Example : let's say we have a computer dedicated to home theater, and we want to turn it off by pressing a button from the remote. Replace the 'print ("OFF")' code with
os.system('shutdown -s')
sys.exit(0)After that, the computer will turn off by pressing the corresponding button. Of course, besides “shutdown -s” you can use any other Windows command, you just have to take into account that the commands will be sent repeatedly, while the remote control button is pressed, to avoid such duplication, you need to improve the code.
Conclusion
As you can see, everything is pretty simple, and there is a place for experimentation. Finally, a small bonus for those who read to here. At 433 MHz, a large number of different devices work that rtl_433 can decode, you can just leave the program running for several hours and see what it gets. Under the spoiler an example of such a log, recorded earlier:
Log
2018-01-10 21:15:17 : Prologue sensor : 5 : 15
Channel: 1
Battery: OK
Button: 0
Temperature: 6.00 C
Humidity: 11 %
2018-01-10 21:15:28 : inFactory sensor
ID: 71
Temperature: 6.67 °C
Humidity: 99 %
2018-01-10 21:16:07 : Toyota : TPMS : 61511475 : 60e5006b : CRC
2018-01-10 21:20:33 : Prologue sensor : 5 : 15
Channel: 1
Battery: OK
Button: 0
Temperature: 6.00 C
Humidity: 11 %
: Waveman Switch Transmitter
id: A
channel: 2
button: 1
state: on
: Waveman Switch Transmitter
id: A
channel: 2
button: 1
state: on
: Waveman Switch Transmitter
id: A
channel: 2
button: 1
state: on
2018-01-10 21:21:21 : Akhan 100F14 remote keyless entry
ID (20bit): 0x41
Data (4bit): 0x4 (Mute)
: Waveman Switch Transmitter
id: A
channel: 2
button: 1
state: off
2018-01-10 21:32:31 : Ford : TPMS : 00268b1f : a34a0e : CHECKSUM
2018-01-10 21:32:32 : Ford : TPMS : 00268a5c : 9c440e : CHECKSUM
2018-01-10 21:32:37 : Ford : TPMS : 016dbfce : 99430e : CHECKSUM
2018-01-10 21:32:39 : Ford : TPMS : 002671a0 : 9c4a0e : CHECKSUM There is some interesting data, such as tire pressure at a neighboring car (TPMS, tire-pressure monitoring monitoring system), or an external temperature of +6 from someone's sensor.

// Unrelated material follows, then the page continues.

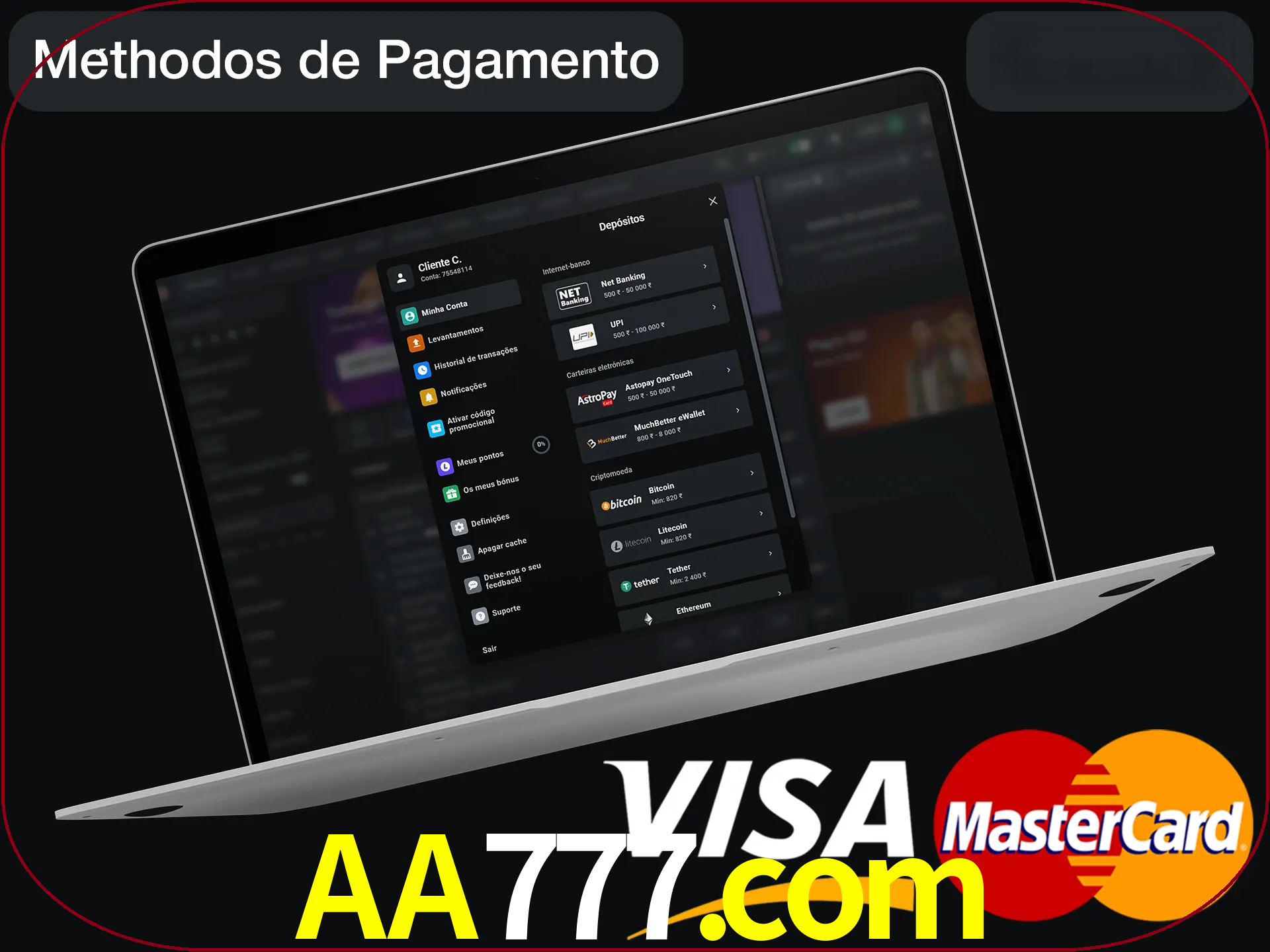 Use seu método de depósito preferido.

This allows, for example, to output the outside temperature if the neighbors accidentally have a weather station compatible with this protocol.

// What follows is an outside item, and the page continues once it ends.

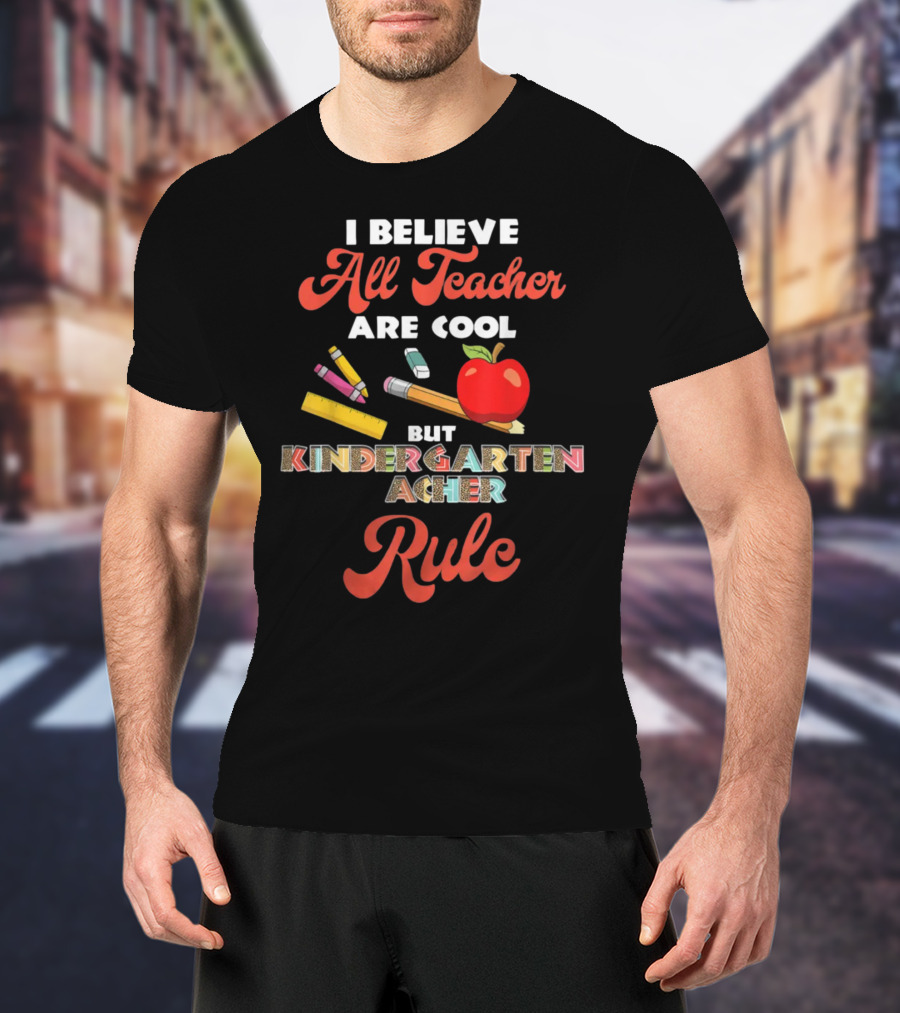 I Believe All Teachers Are Cool But Kindergarten Teachers Rule T-Shirt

All successful experiments.
Disclaimer : Obviously, using SDR and digital processing to read OOK-modulated signals is essentially gun shooting at sparrows. Perhaps there are ready $ 1-2 receivers on aliexpress that do the same thing, with a lower price and less power consumption. If anyone knows such models, write in the comments.